Auf diese antwortete der BGH wie bereits geschildert im Sinne der Verbraucher, dass ein solcher deliktischer Anspruch auf Ersatz des Schadens besteht.

Übertragbarkeit auf Klagen gegen Fiat

Dass sich das Urteil des EuGH mit einer unzulässigen Abschalteinrichtung seitens Mercedes beschäftigt spielt keine Rolle. Bei dem Urteil des EuGH handelt es sich um ein Urteil, welches grundsätzlich auf die Frage nach der Auslegung der Richtlinie 2007/46/EG und der Verordnung (EG) Nr. 715/2007, antwortet. Diese sind auch im Verfahren gegen Fiat im Abgasskandal entscheidend, da sich die Unzulässigkeit der Abschalteinrichtungen nach diesen richtet. Somit ist das Urteil auch für die laufenden Verfahren im Fiat Abgasskandal maßgeblich.

Dies wird schon bereits dadurch deutlich, dass die Gerichte seit einiger Zeit die ihnen vorliegenden Verfahren in Erwartung der Entscheidung des EuGH aussetzen.

Auswirkungen

Rechtliche Auswirkungen

Die Tatsache, dass die fraglichen Normen als Schutzgesetze eingeordnet wurden, hat eine entscheidende Folge. Dies hat dazu geführt, dass sich nunmehr ein Schadensersatzanspruch gegen Fiat nicht nur aus § 826 BGB (Sittenwidrige vorsätzliche Schädigung), sondern auch aus § 823 II BGB in Verbindung mit der Schutznorm, ergeben kann.

Bei einem Schadensersatzanspruch aus § 823 Abs. 2 BGB muss von der Klägerseite anders als bei § 826 BGB, welcher bisher von den höheren Gerichten als Anspruchsgrundlage gegen die in den Dieselskandal verstrickten Hersteller herangezogen wird, kein sittenwidriges Verhalten dargelegt werden.
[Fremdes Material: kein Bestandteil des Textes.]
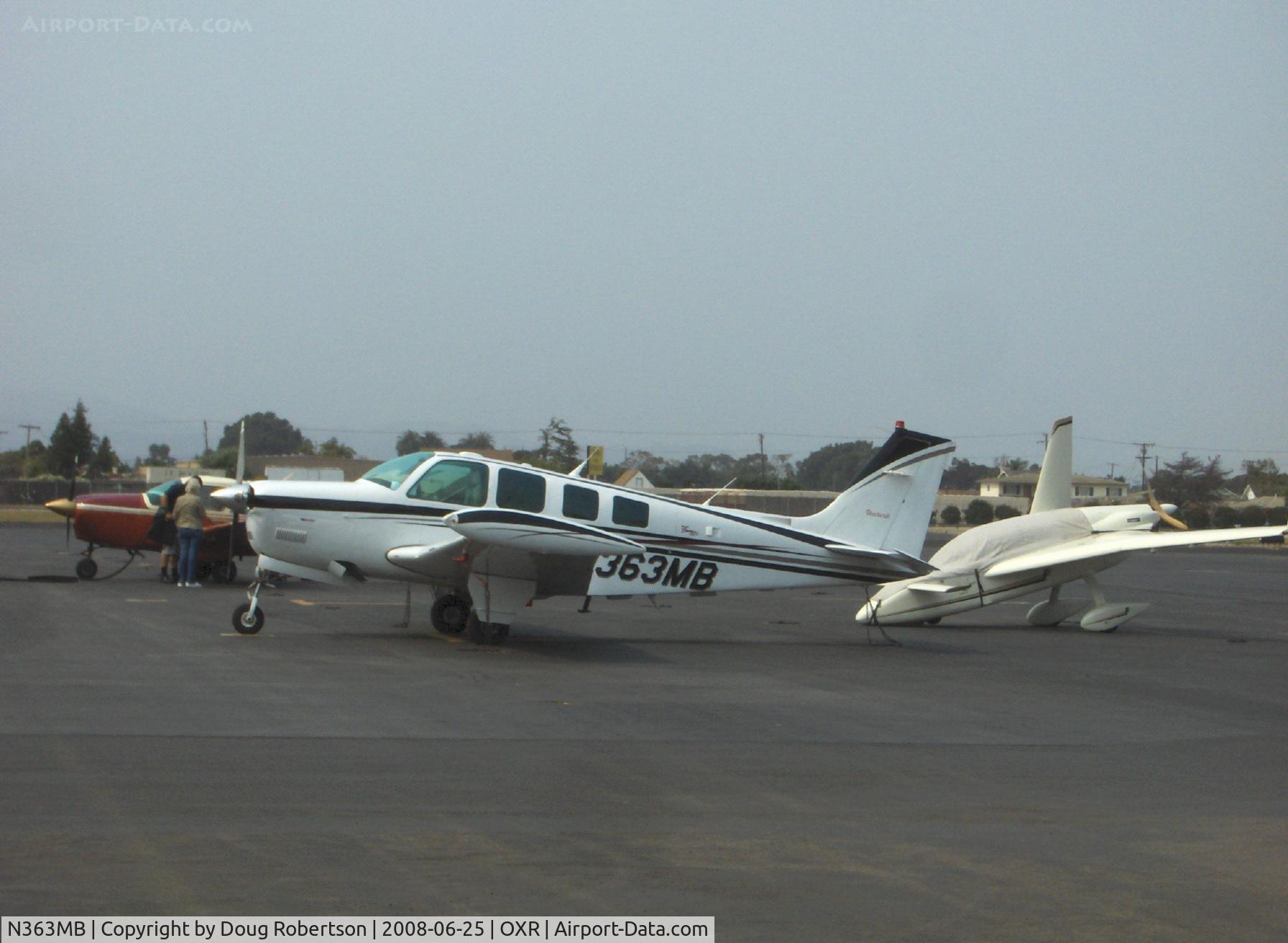 N363MB, 1997 Raytheon Aircraft Company A36 Bonanza C/N E-3143, 1997 Raytheon Beech A36 BONANZA, Continental IO-550-B 300 Hp, 3 blade CS prop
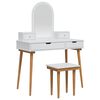vidaXL Ensemble de Coiffeuse FAUSKE 5 pc Blanc 100 x 50 x 143 cm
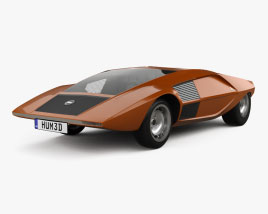 Lancia Stratos Zero 1970 3D模型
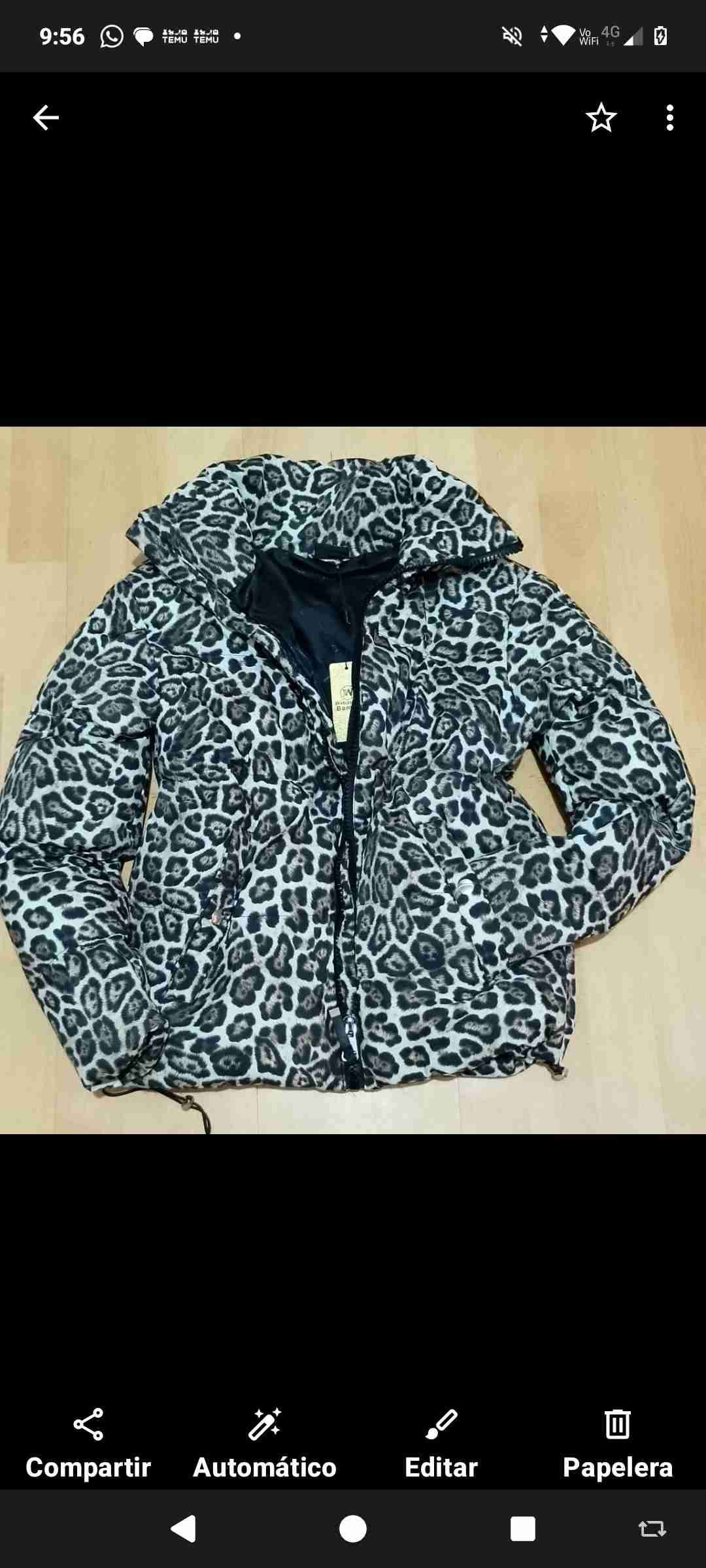 Chaqueta leopardada acolchada - miniatura 1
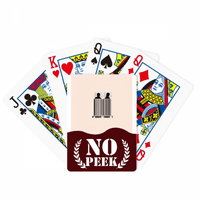 Јорган Маж За Спиење Сопруга Перница Ѕиркаат Покер Картичка За Играње Приватна Игра
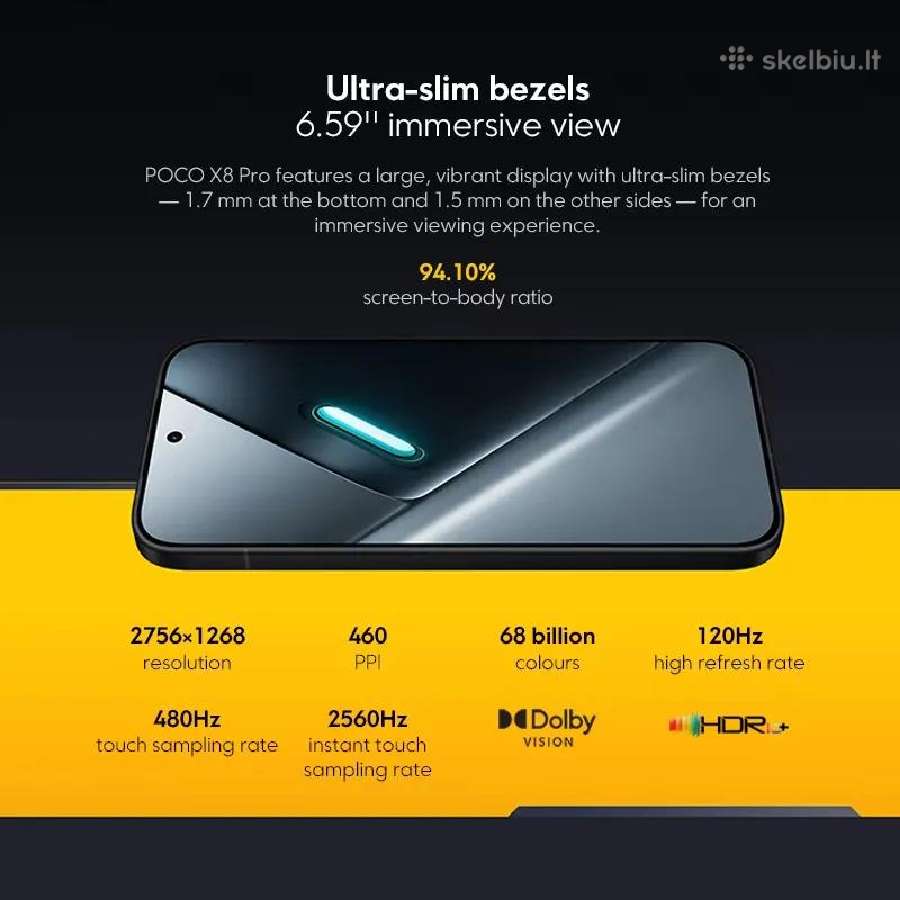 Xiaomi Poco X8 Pro 5G 12 GB RAM 512 GB Rom - nuotraukos Nr. 9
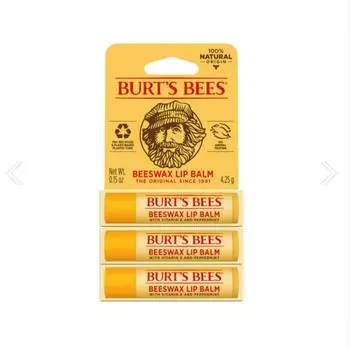 Бальзам для губ с пчелиным воском Burt s Bees 4,25 г x 3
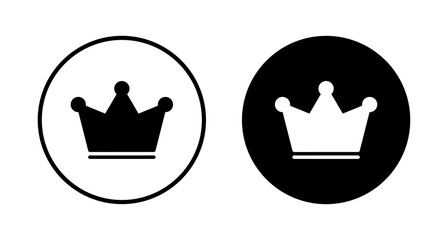 Crown Icon vector isolated on white background. Crown symbol. Crown vector icon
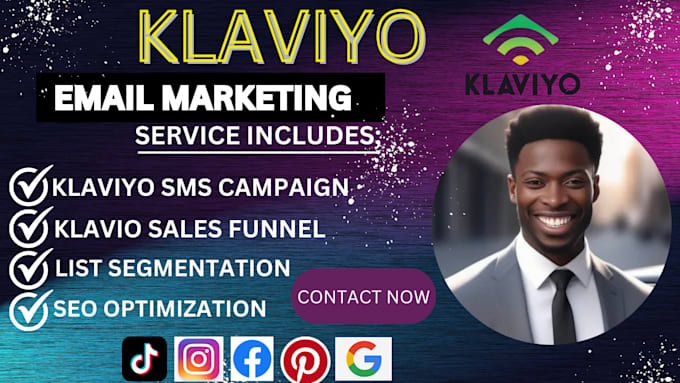 Gig Preview - Setup klaviyo email marketing flows for shopify and SMS for ecommerce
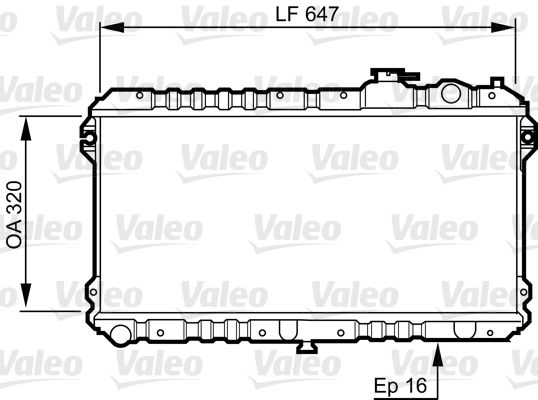 VALEO 731437 Radiator, engine cooling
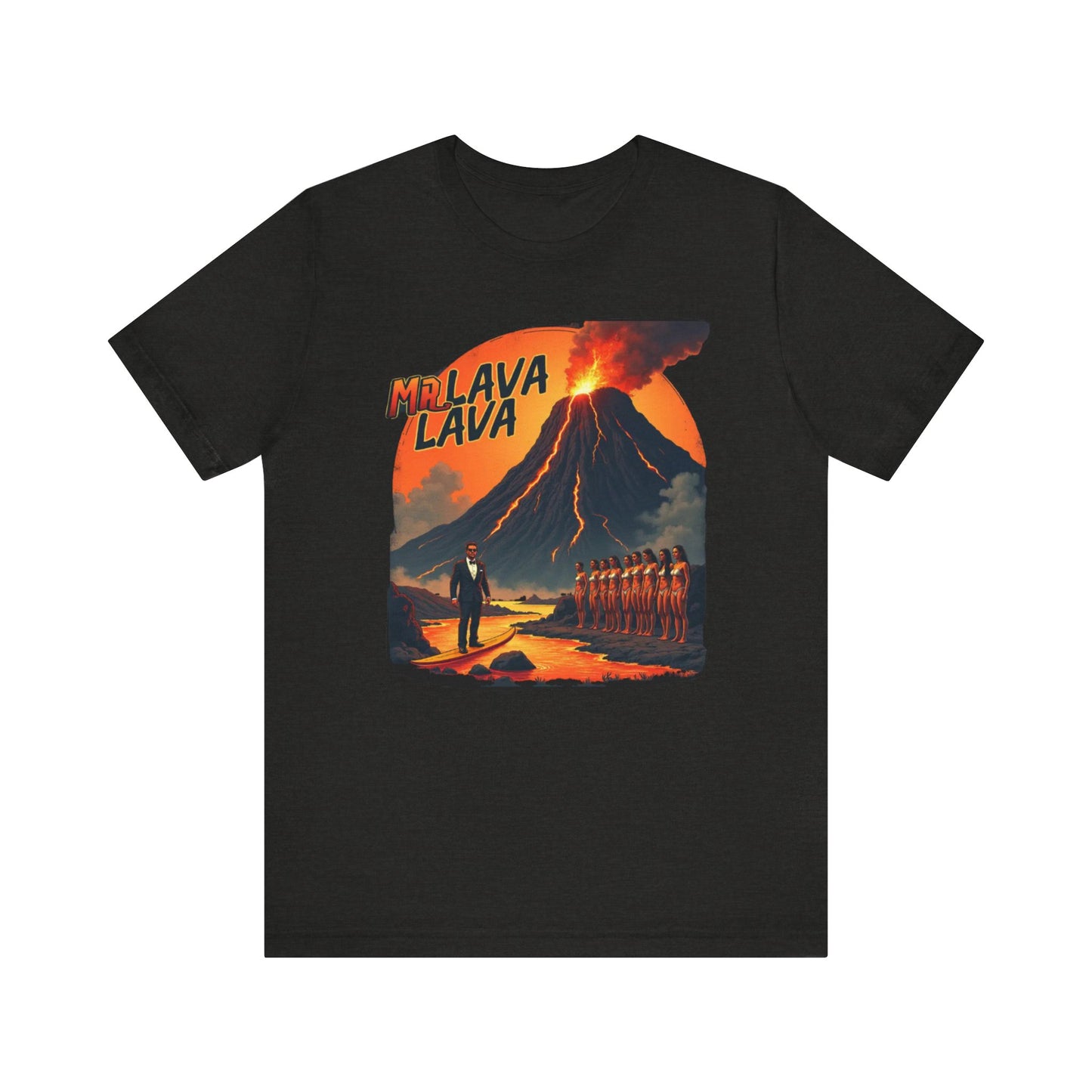 Mr. Lava Lava Tee, Unisex Graphic Shirt, Cool Retro T-Shirt, Perfect for Summer, Volcano Art, Gift for Geology Lovers - Psychonaut Swag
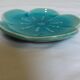 Turquoise flower jewelry storage cup stamped LBMDJ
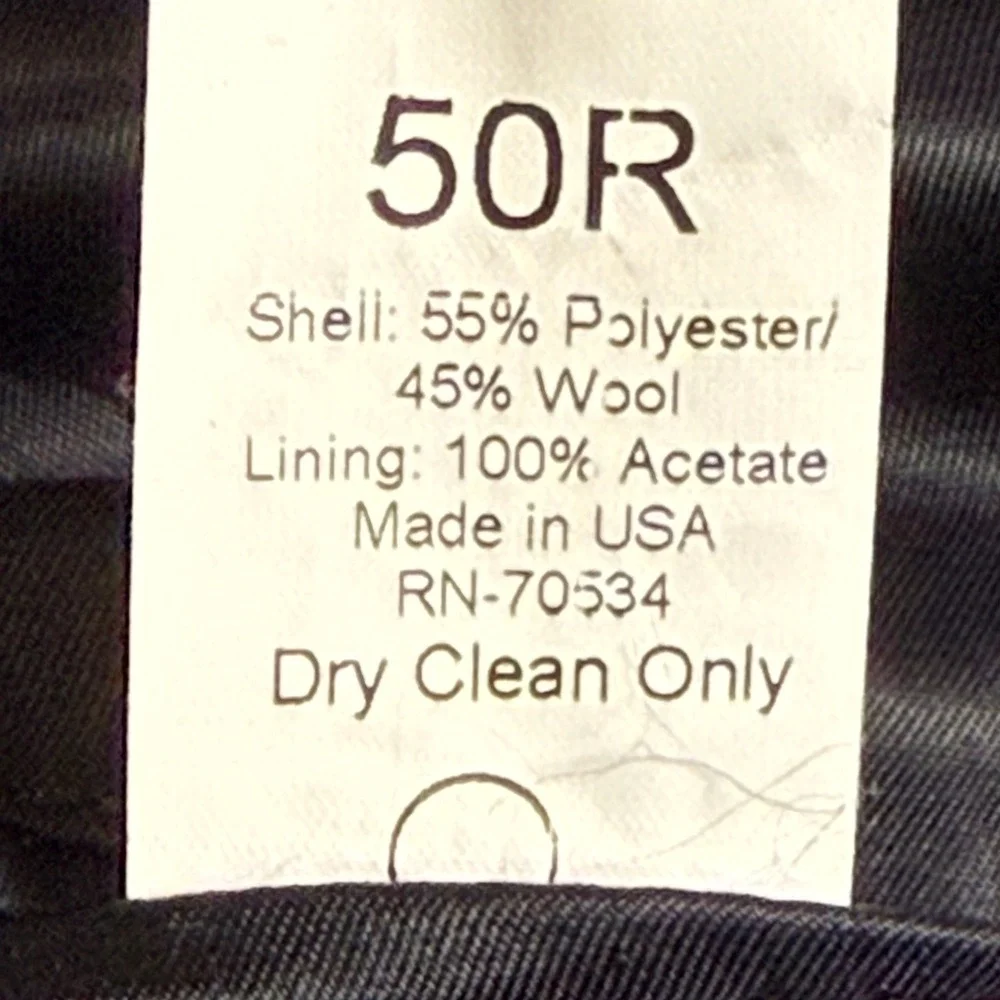 Orvis Mens Navy Blue Wool Blend 3-Button Blazer‎ Sport Coat 50R USA Gold Buttons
Vielmehr genügt die einfache Fahrlässigkeit, was die Darlegungspflicht im Prozess für den Kläger deutlich entschärft und somit die Erfolgschancen einer Klage gegen Fiat klar vergrößert.

Tatsächliche Auswirkungen

Dieses Urteil des EuGH wurde mit Spannung erwartet, selbst der BGH beschloss, ein dort anhängiges Verfahren im Zusammenhang mit dem Dieselskandal auszusetzen und auf das Urteil des EuGH zu warten.

Nun ist das erwartete Urteil endlich verkündet und seine Ausmaße werden sich in nächster Zeit zeigen.

Es steht fest, dass dieses Urteil die Rechtsposition der Verbraucher im Fiat Ducato Abgasskandal und im Dieselskandal im Allgemeinen deutlich verstärkt. Eine Reihe an für die Verbraucher positiven Urteile dürfte seitens der deutschen Gerichte zu erwarten sein. In direkter Folge könnte es bei einer solchen Entwicklung hin zu deutlich höheren Erfolgschancen zu einer neuen Klagewelle gegen Fiat kommen.